In one possible implementation, the first flag bit of the thread corresponding to the later execution branch is based on inverting the first flag bit of the thread corresponding to the earlier execution branch, and then summing the inverted result with the second flag bit of the thread.

In one example, in the second flag bit, assume that a flag bit of "1" indicates that the thread runs the instruction sequence and that a flag bit of "0" indicates that the thread executes the non-running instruction sequence. Assuming that there are 4 threads (A, B, C, D), where all 4 threads are running, the second thread enables bit "1111". In the first thread enable bit, assume that a flag bit of "1" indicates that the thread executes the branch of transfer and a flag bit of "0" indicates that the thread executes the branch of sequential execution. At this time, after determining the condition indicated by PC0, the thread a, the thread B and the thread C determine true, the first flag bit corresponding to the branch instruction is "1", the thread D determines false, the first flag bit corresponding to the branch instruction is "0", the first flag bits corresponding to the plurality of threads are "1110", the post-execution branch is a branch provided that the preset branch execution order is the first order, the first flag bits corresponding to the post-execution branch are "1110", and the second flag bits corresponding to the plurality of threads are "1111" and "1110" based on the first flag bits corresponding to the prior-execution branch for the plurality of threads.

It should be noted that the "multiple threads" mentioned above can execute each instruction in the same instruction sequence synchronously.

In one embodiment, to extend the functionality of the SIMT processor, as shown in fig. 5, the number of branch instruction processing units 40 and the number of stacks 50 are each greater than 1, and the SIMT processor may include one or more thread clusters, where n is an integer greater than 0, each thread cluster including a plurality of threads, and where multiple threads in the same thread cluster are capable of executing instructions in the same instruction sequence synchronously. Each branch instruction processing unit 40 corresponds to a thread cluster in the SIMT processor, and each stack 50 corresponds to a thread cluster in the SIMT processor; the branch instruction processing unit 40 can perform the above-described processing when there is a divergence in the execution of a branch instruction by a plurality of threads in the corresponding thread cluster.

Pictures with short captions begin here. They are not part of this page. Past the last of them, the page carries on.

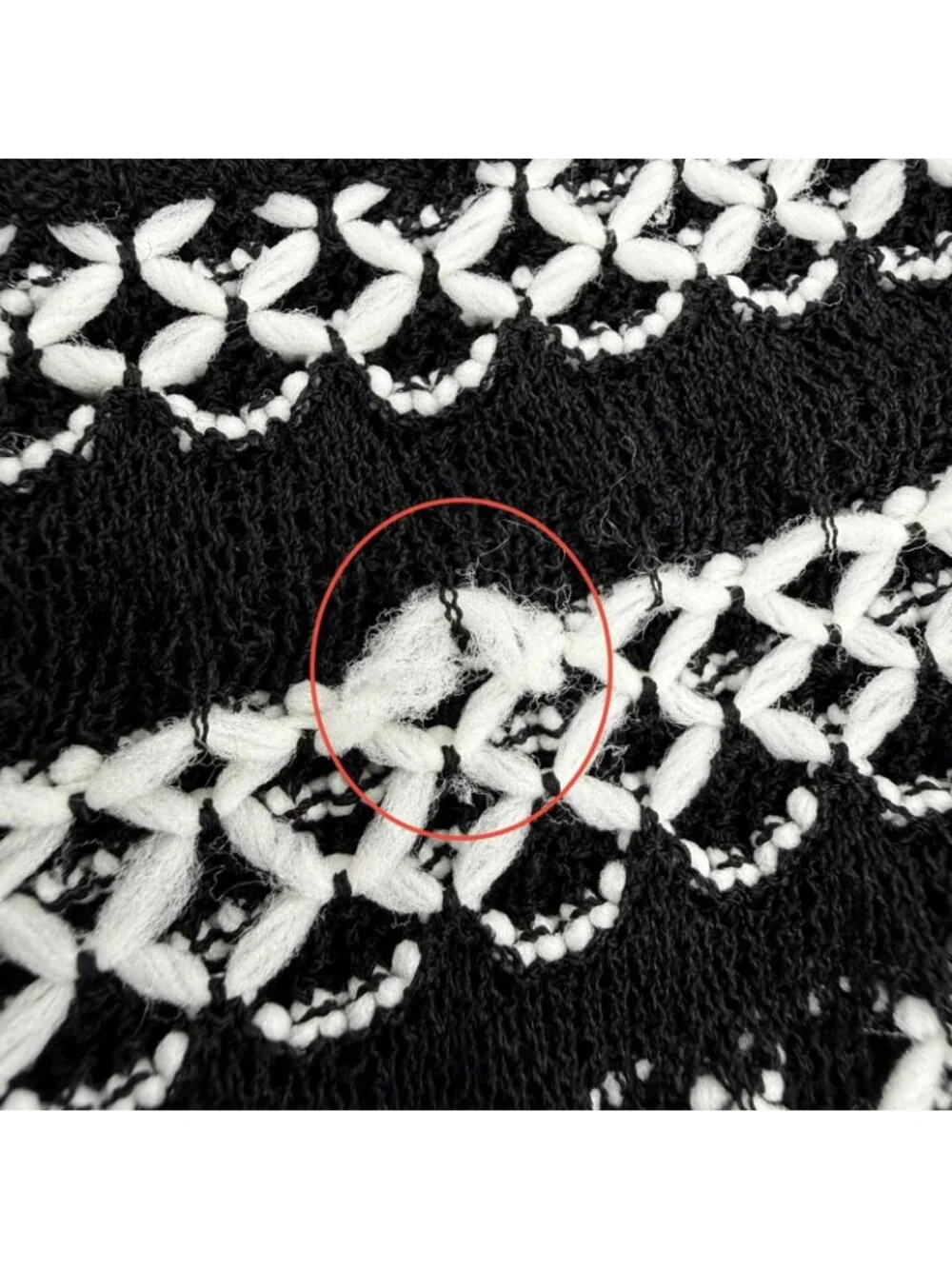 CHANEL brand size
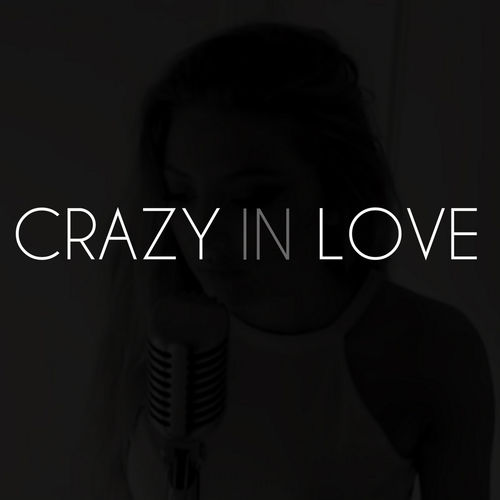 Sofia Karlberg - Crazy in Love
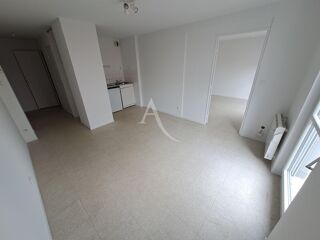  Appartement à louer 2 pièces 39 m²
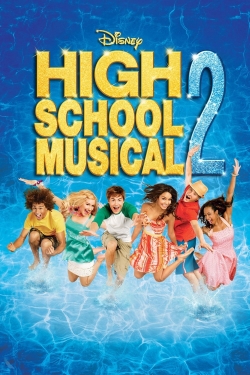 Watch High School Musical 2 movies free hd online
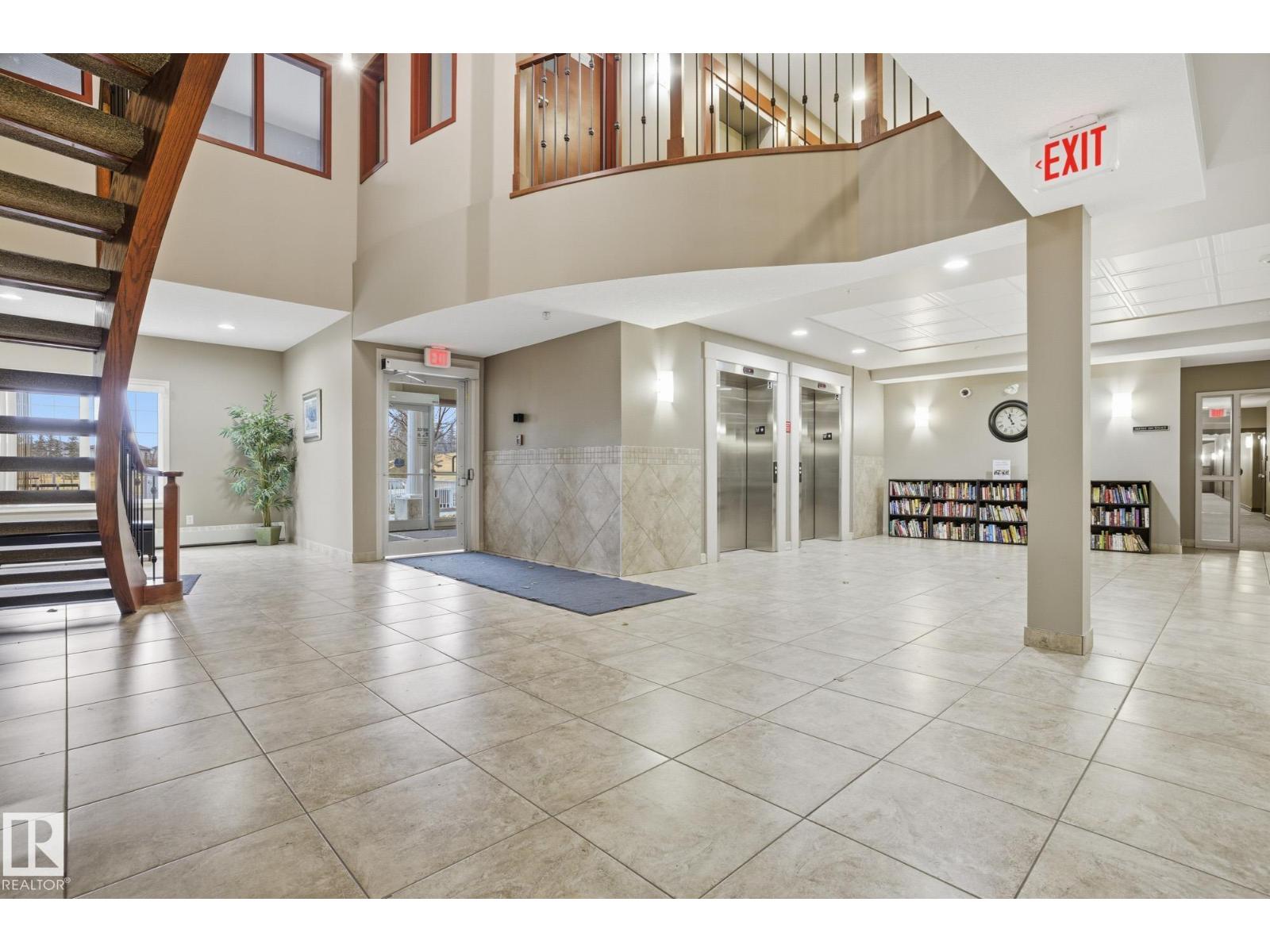 #411 263 Macewan Rd Sw, Edmonton, Alberta  T6W 0C4 - Photo 2 - E4465077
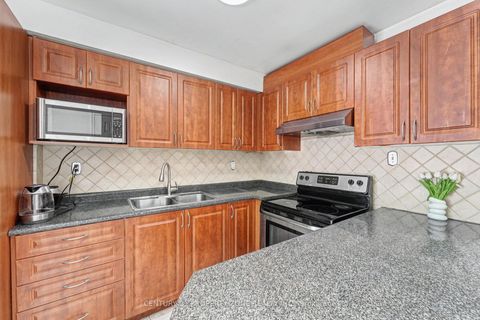 Photo 12 at 16 Chad Crescent, Malvern, Toronto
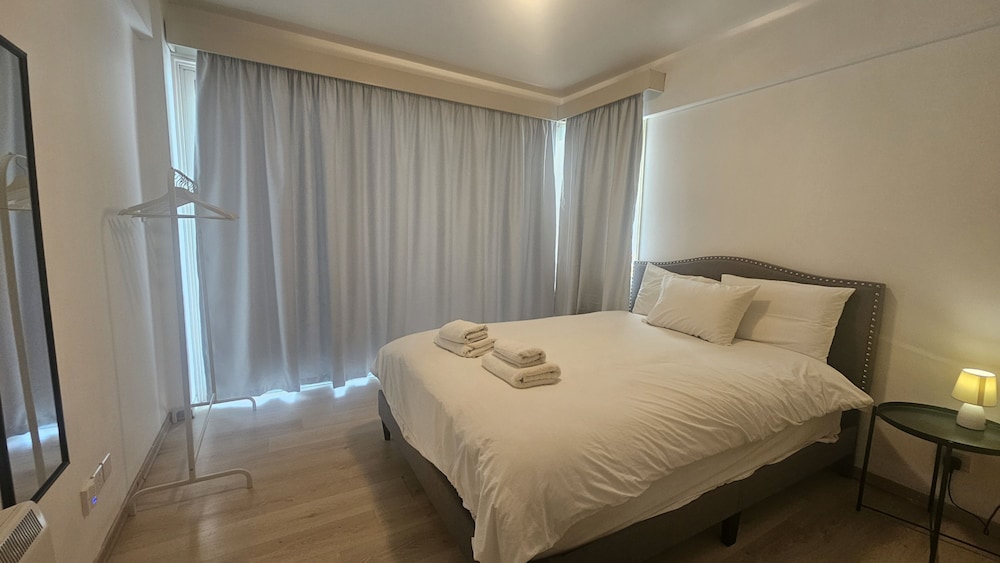 53 NIC - Stay Elion Apartment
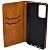 Чехол - книжка совместим с Xiaomi Redmi Note 11T/Poco M4 Pro YOLKKI Wellington оранжевый
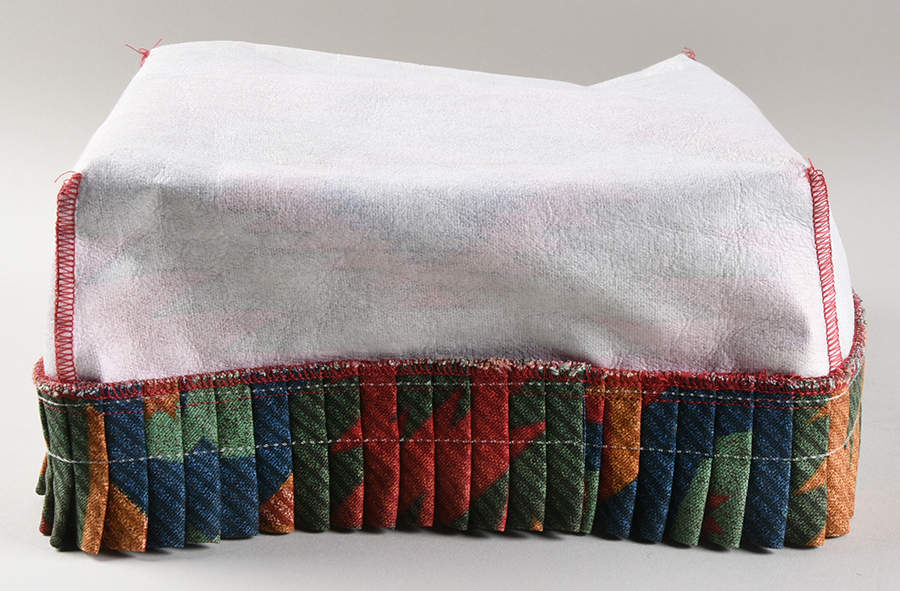 Baskets Liner for Pie Basket by Longaberger-1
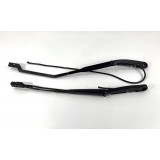 Par Braço Limpador Parabrisa Volvo Xc60 2019 Original Direito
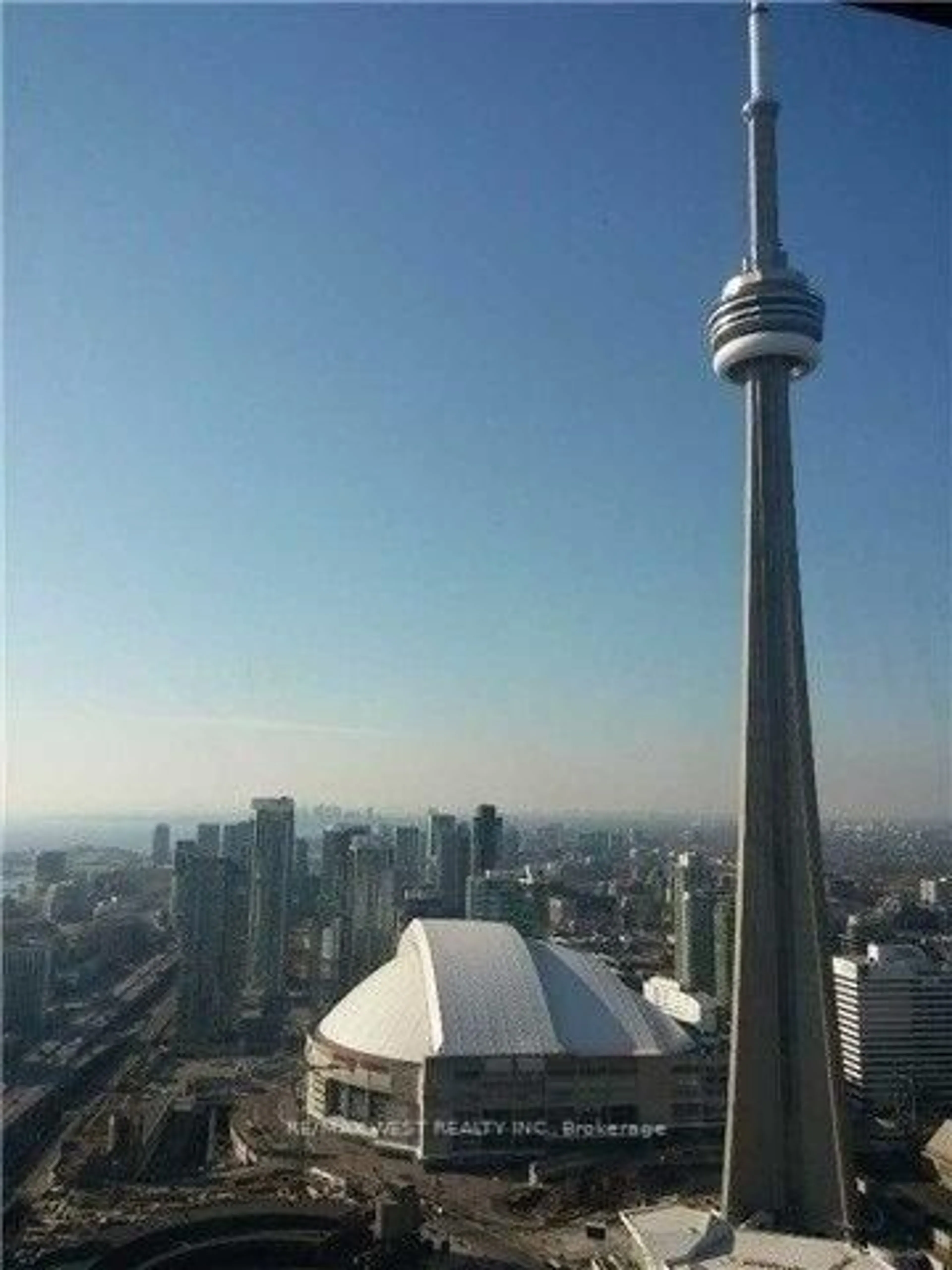 A pic of a room for 14 York St #4507, Toronto Ontario M5J 0B1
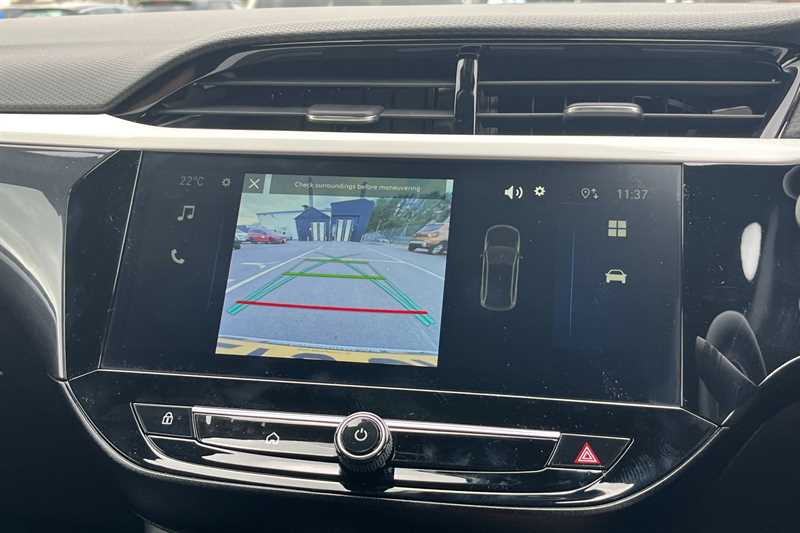 Used Vauxhall Corsa 2025 for sale - 77712545: Photo 19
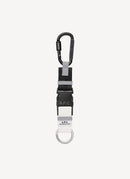 APC - Porte Clefs Trek - Dark Navy - Homme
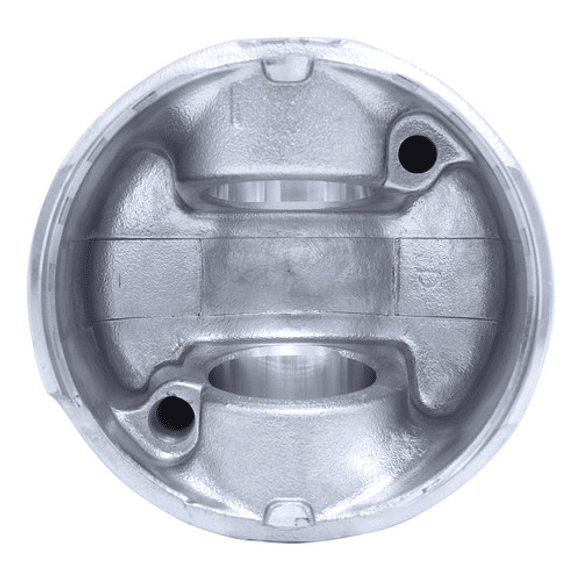 Piston Std Mitsubishi L200 Dakar 2.5cc 2013-2014  4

For example, referring to fig. 5, the SIMT processor further includes an instruction execution unit 60, where the instruction execution unit 60 may be called by the thread to execute related instructions, and further store the execution result of the instructions into the memory 30; in one example, the instruction execution unit 60 includes an adder, a subtractor, a multiplier, a divider, an integrating operation circuit, a logarithmic operation circuit, etc., and the specific operation circuits and the number thereof can be specifically set according to the practical application scenario, which is not limited in this embodiment.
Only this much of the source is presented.